All of the lines below are to be transcribed faithfully, with pictures excluded from the copy.

=-=-=

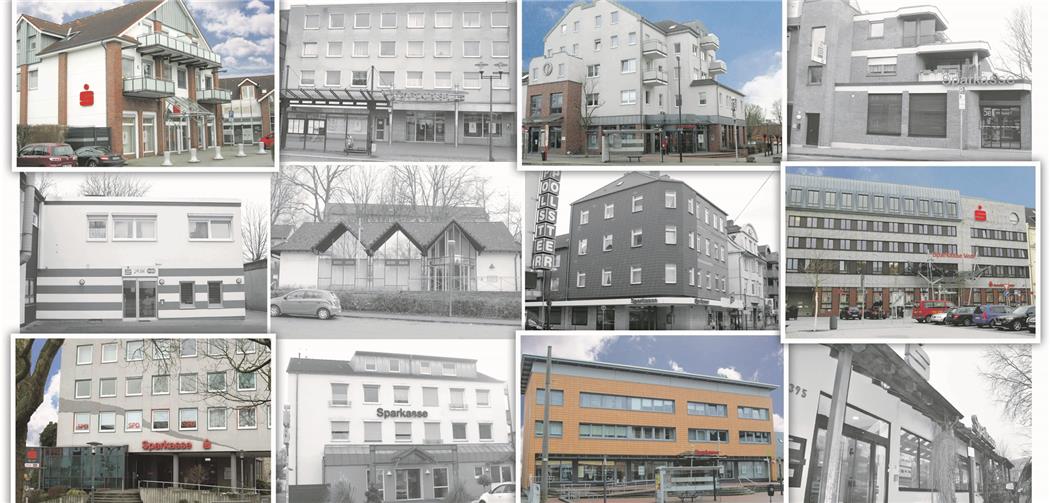 Was die Sparkasse in Castrop-Rauxel mit ihren Filialen plant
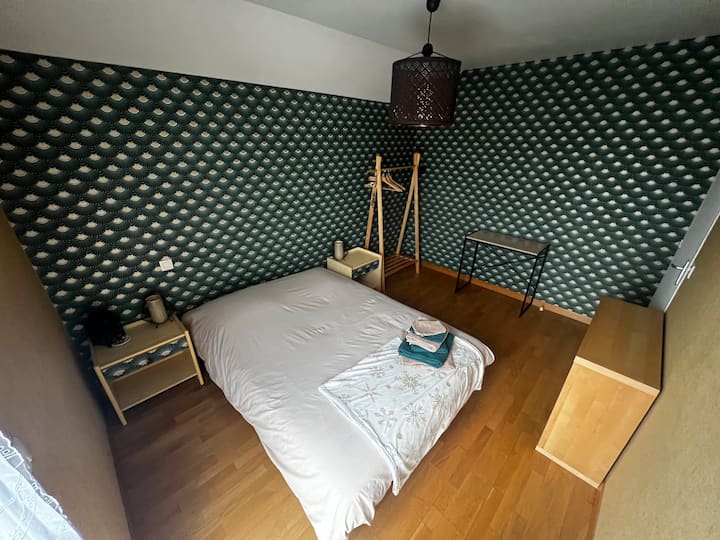 Chambre Privée + Sdb/wc Privatifs - Seynod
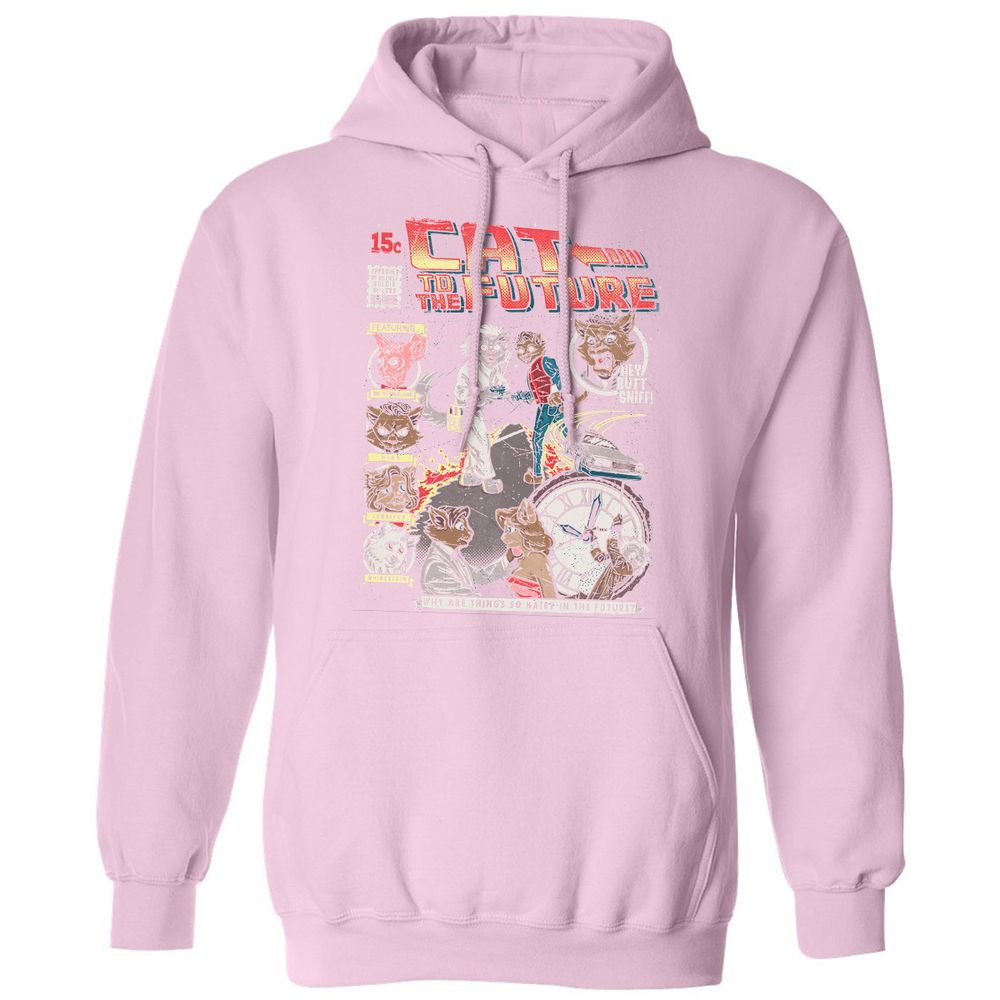 Classic Unisex Hoodie - Z2V3DVEA - Light Pink - 3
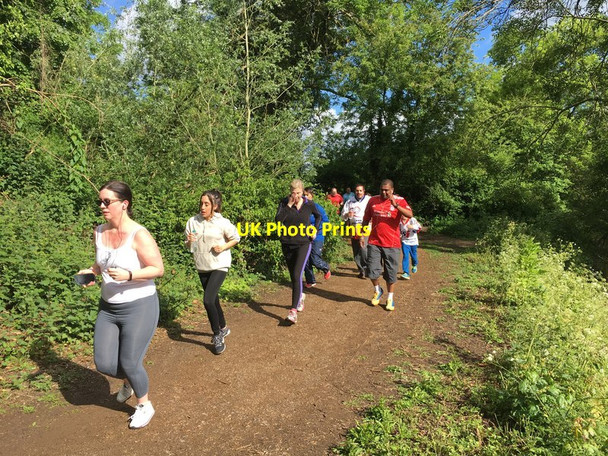 Photo 6"x4" Runners at Maidenhead parkrun Maidenhead c2017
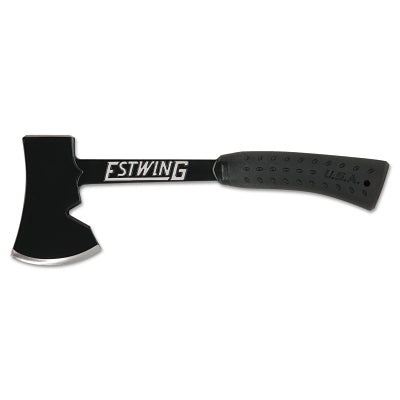 Estwing Camper's Axes, 3 1/4 in Cut, Black Nylon Vinyl Handle (268-EB-25A) Each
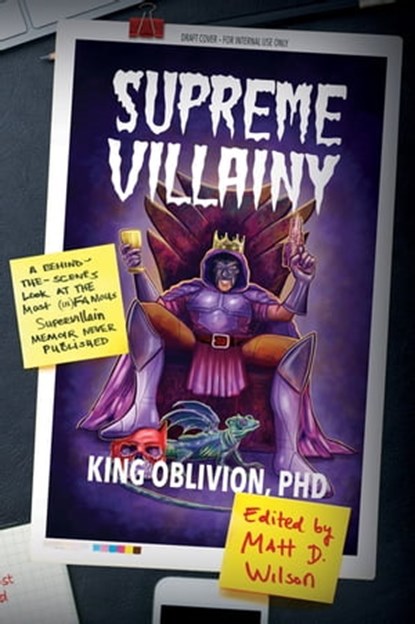 Supreme Villainy, King Oblivion - Ebook - 9781473232136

=-=-=

Answer below >>
 Was die Sparkasse in Castrop-Rauxel mit ihren Filialen plant
 Chambre Privée + Sdb/wc Privatifs - Seynod
 Classic Unisex Hoodie - Z2V3DVEA - Light Pink - 3
 Photo 6"x4" Runners at Maidenhead parkrun Maidenhead c2017
 Estwing Camper's Axes, 3 1/4 in Cut, Black Nylon Vinyl Handle (268-EB-25A) Each
 Supreme Villainy, King Oblivion - Ebook - 9781473232136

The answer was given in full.